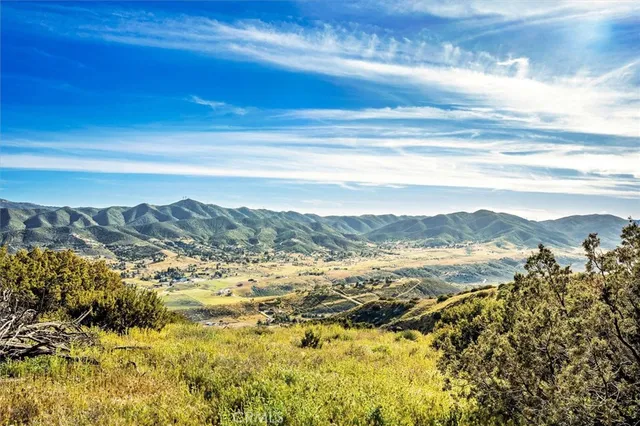 a view of mountain with lake view
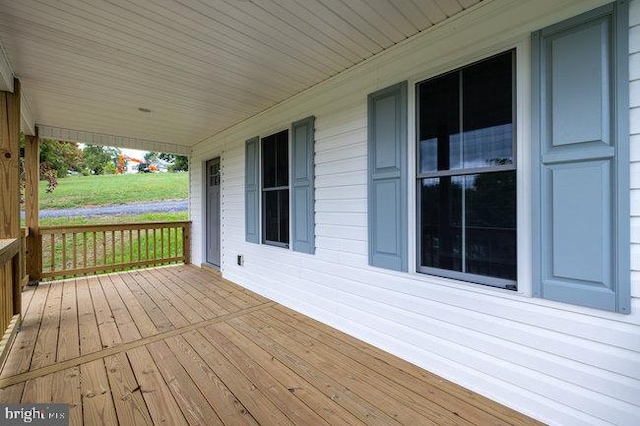 deck with covered porch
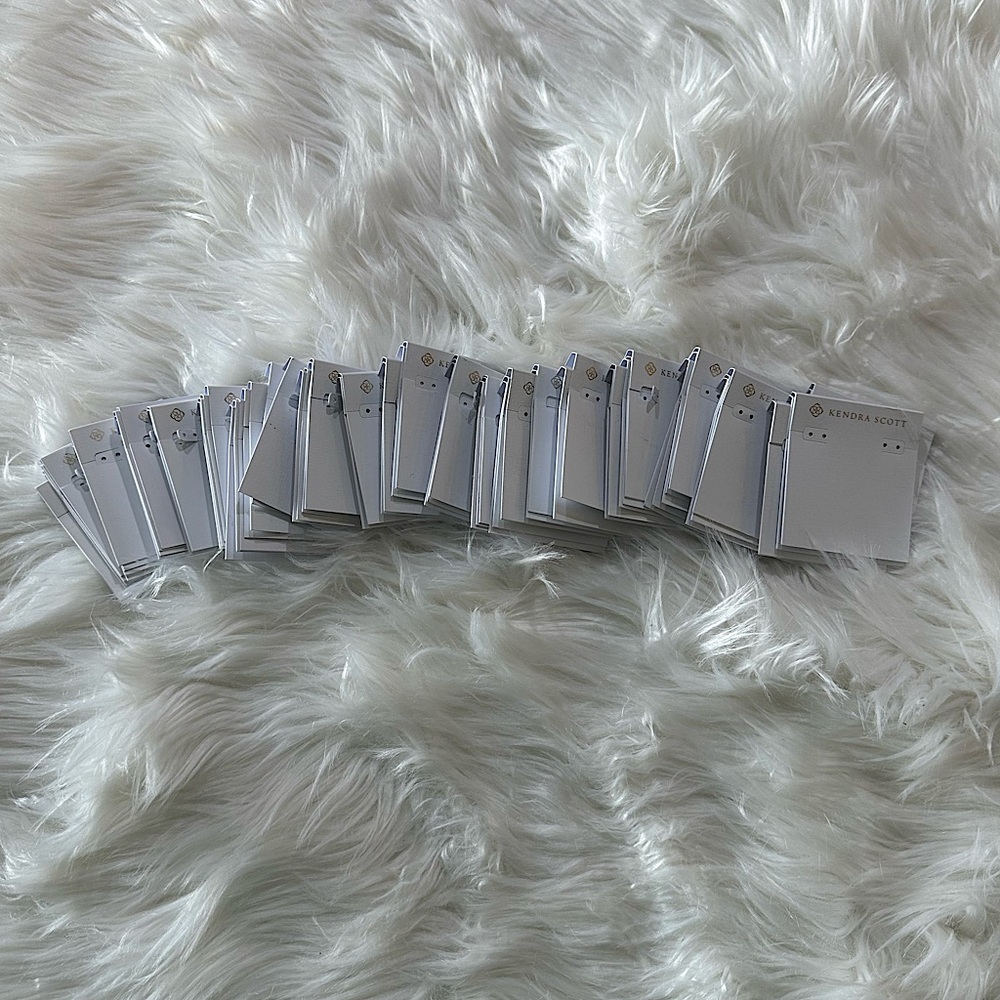 35 bundle of Kendra Scott white basic earring back and necklace packaging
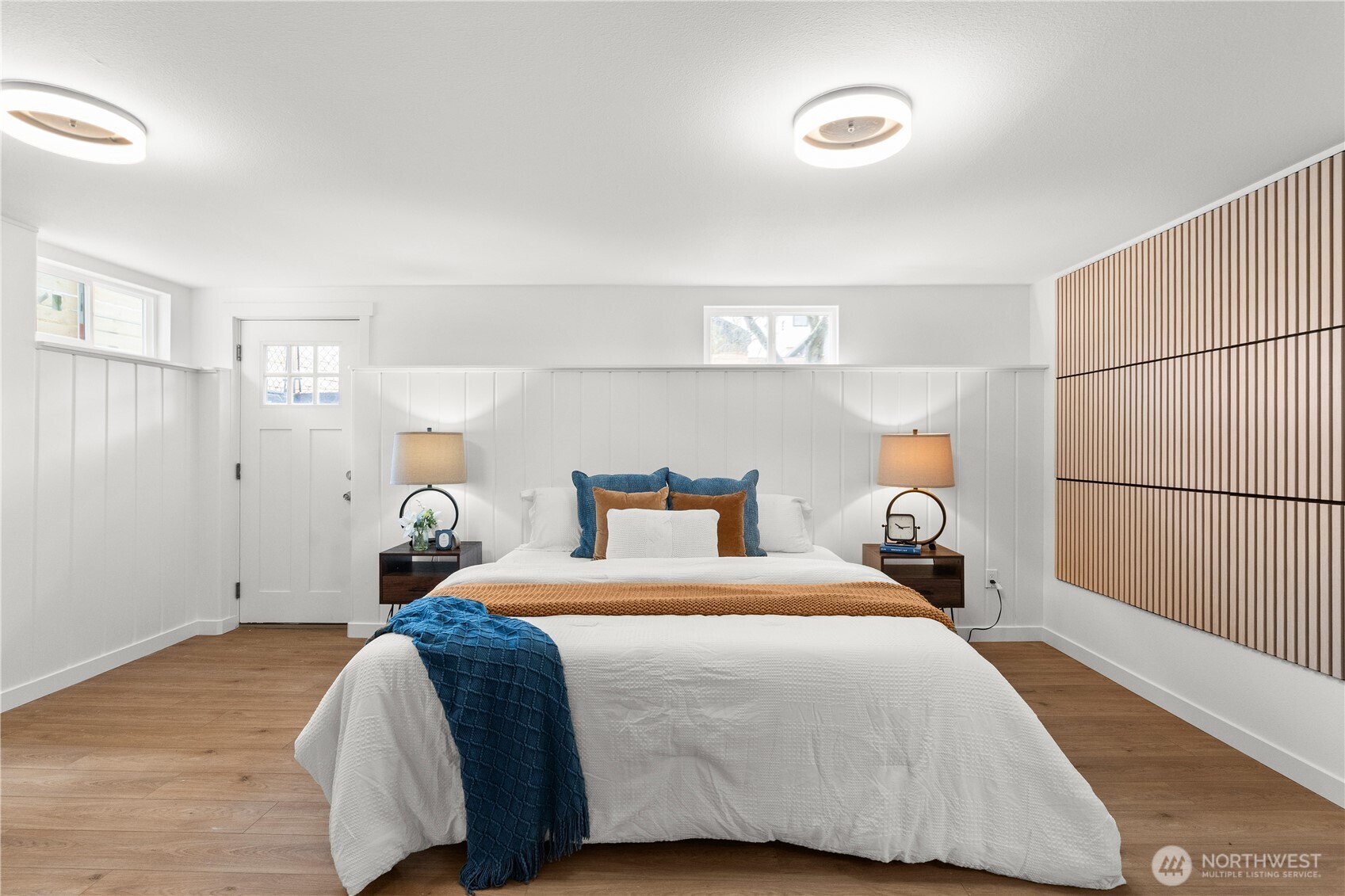 1811 South Stevens Street Seattle, WA 98144 - Photo 29 of 38 a bedroom with a bed and a window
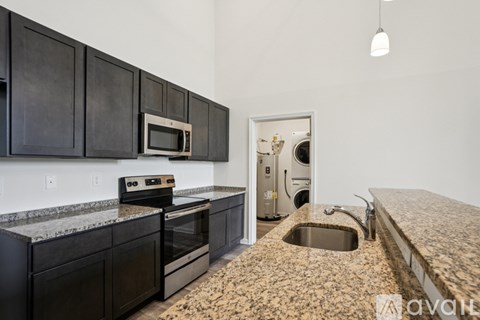 A kitchen with black cabinets and a granite countertop.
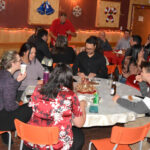 Un groupe de personnes sont assises et mangent à des tables rondes dans une sale avec des décorations de Noël.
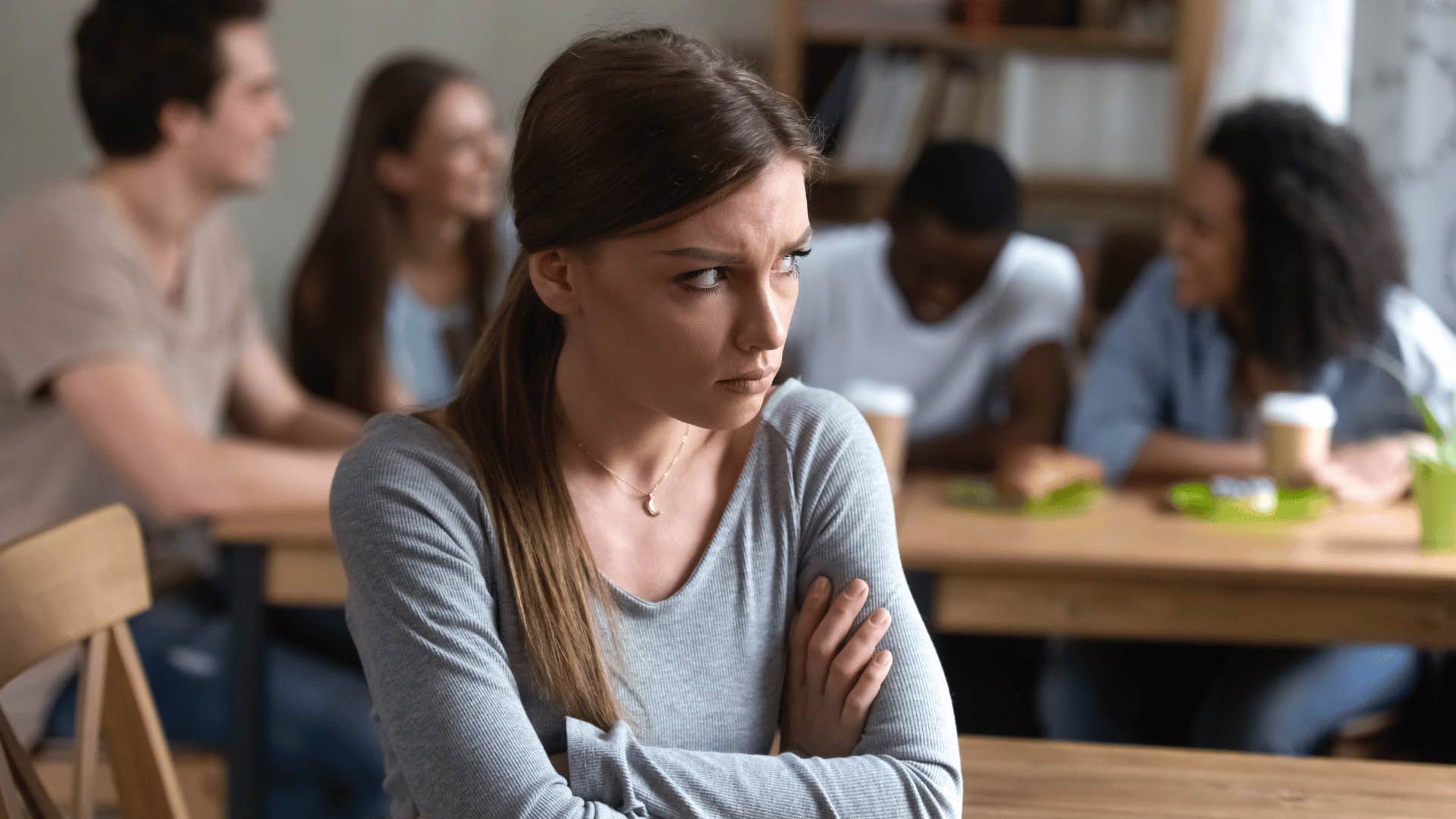 stressed and sad woman ostracized from group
----------------------------------------
**Goal of the exercise**: The task calls for duplicating the data exactly, with no images kept.

**Response to this exercise**:
 a view of mountain with lake view
 deck with covered porch
 35 bundle of Kendra Scott white basic earring back and necklace packaging
 1811 South Stevens Street Seattle, WA 98144 - Photo 29 of 38 a bedroom with a bed and a window
 A kitchen with black cabinets and a granite countertop.
 Un groupe de personnes sont assises et mangent à des tables rondes dans une sale avec des décorations de Noël.
 stressed and sad woman ostracized from group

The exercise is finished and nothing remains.